Which is why we will stick with our “Trade of the Decade.” Buy gold on dips; sell stocks on rallies. This trade – announced 9 years ago – has been good to us. Gold has closed every single year ahead of where it started. From under $300 an ounce it went up over $1,000 – briefly. Now, it trades in the $800 range.

What do you think, dear reader? Is the gold bull market over? Are the troubles in the world financial system all taken care of? Is it time for another bust in the gold market – the only market (aside from U.S. Treasuries) to resist last year’s sell-off?

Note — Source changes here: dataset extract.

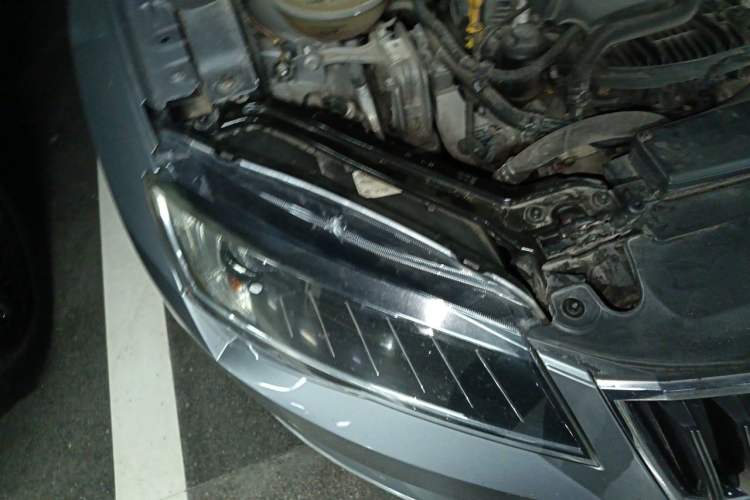 Used Skoda Superb 2016 TSI330 DSG Innovation Edition Engine Bay Right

“My one recommendation for the longer term,” says Felix Zulauf in Barron’s, “is physical gold. Consider the basic set-up: World economies are so weak that we are seeing government stimulation of historic proportions. At first this is deflationary, but it will become inflationary. Gold is the only currency that won’t get devalued. It will be revalued.

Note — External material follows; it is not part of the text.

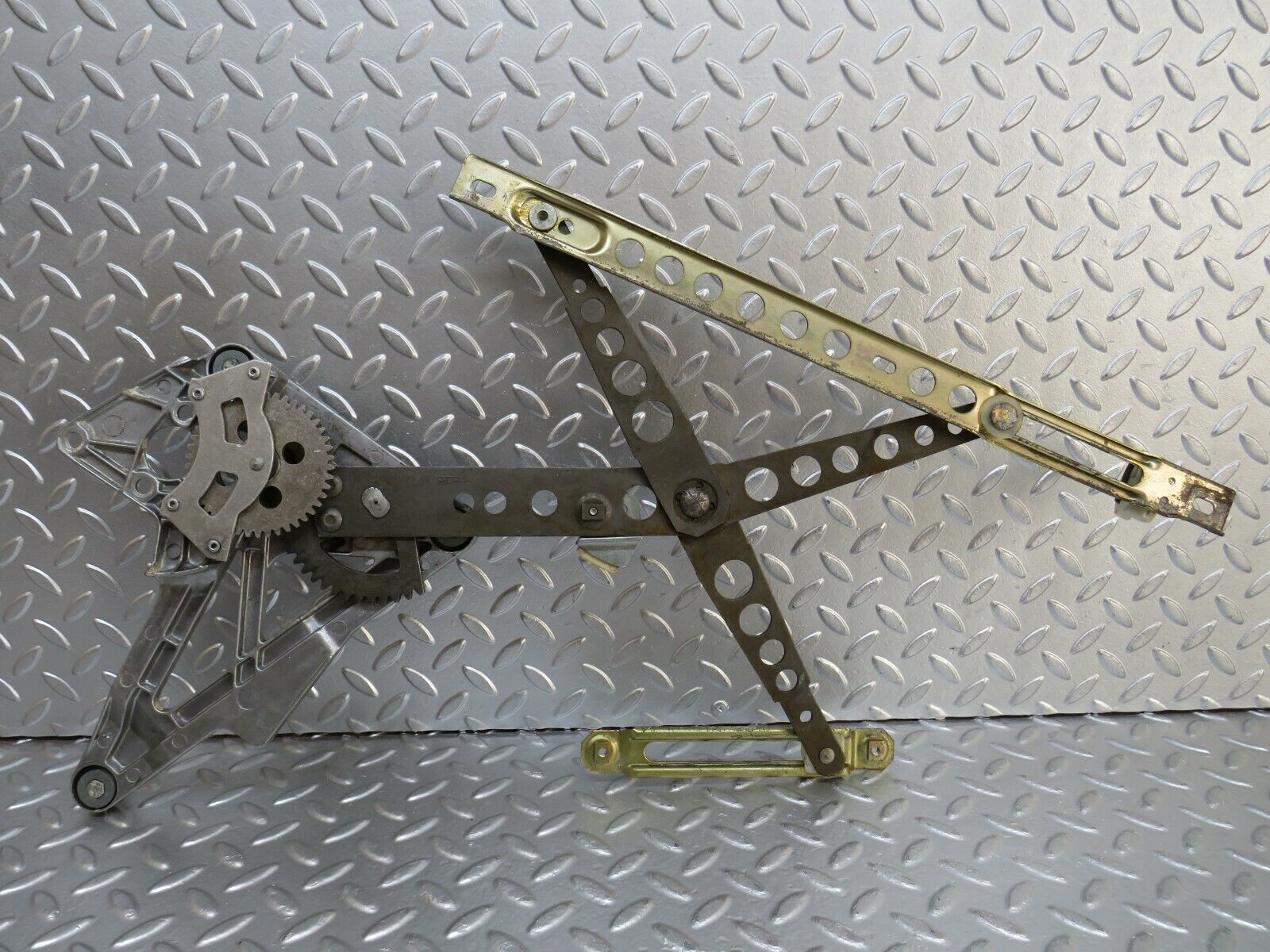 23937 Mercedes-Benz W123 280E Front Left Power Window Regulator 1237202746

“If the Fed’s liabilities had to be covered in gold, it would sell for more than $6,000 an ounce. We aren’t going back to the gold standard, but the markets won’t trust the central banks anymore. Gold is a very slow bull market…the gold market could have a shakeout in the next 6 months, and the price could fall back to $700 an ounce or below from today’s $850. But two years from now it will be a lot higher. It is one of the few commodities that held up during the forced liquidation of almost everything else. “

*** If the United States catches the flu…the rest of the world throws up.

And now, with markets retching all over the planet, finance ministers are getting together to come up with a global solution. Somehow, demand must be stimulated in Asia. Supply must be coaxed out of the United States. Balance must be restored, they say.

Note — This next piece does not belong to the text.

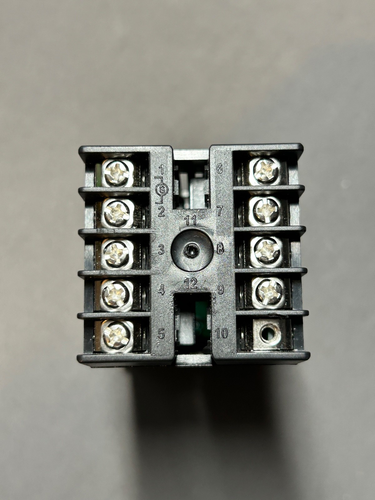 BERM REX-C100FK02-M*AN TEMPERATURE CONTROLLER - Picture 4 of 4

But don’t hold your breath. Any global bailout plan is bound to be a bad one. Because what the world really needs is a correction. And no country wants one. Instead, each nation does its best to push the correction onto its neighbors. An old friend, Lord Rees-Mogg, adds further comment:

“Between the mid nineteenth and mid twentieth century, there had been a vigorous debate about the causes of the trade cycle, and of the crises which had upset the growth of the world economy.

“That debate had, however, never reached a conclusion. Among economists there was no consensus on what caused the crises to occur or on what measures would help to stabilise another depression…

“…there are at least five different alleged causes, which are still arguable. If the Central Bankers and Treasury Ministers do not agree on the cause of the present crisis they are not likely to agree on the remedy. One needs to keep theory in mind because it influences decision-making.

“However, we are beginning to see that there is a consensus developing on the policy that is needed. Economists and politicians are concentrating on the need to restore confidence. The Inaugural Address of President Barack Obama repeated the theme of Franklin Roosevelt’s Address in March, 1933: ‘We have nothing to fear, but fear itself.’ He also attacked the greed and irresponsibility of the bankers, who had behaved just as badly as they did in the early 1930s. The practical action of Governments around the world is to increase the money supply until businesses will borrow and banks will lend. Everyone recognises that this makes a risk of excessive inflation of the money supply, but it is a risk which Governments feel they have no choice but to take. They are not trying to rebalance the world economy; they are desperate to relight the boiler. In the end they will succeed.”

Inflation is what they want; inflation is what they will get.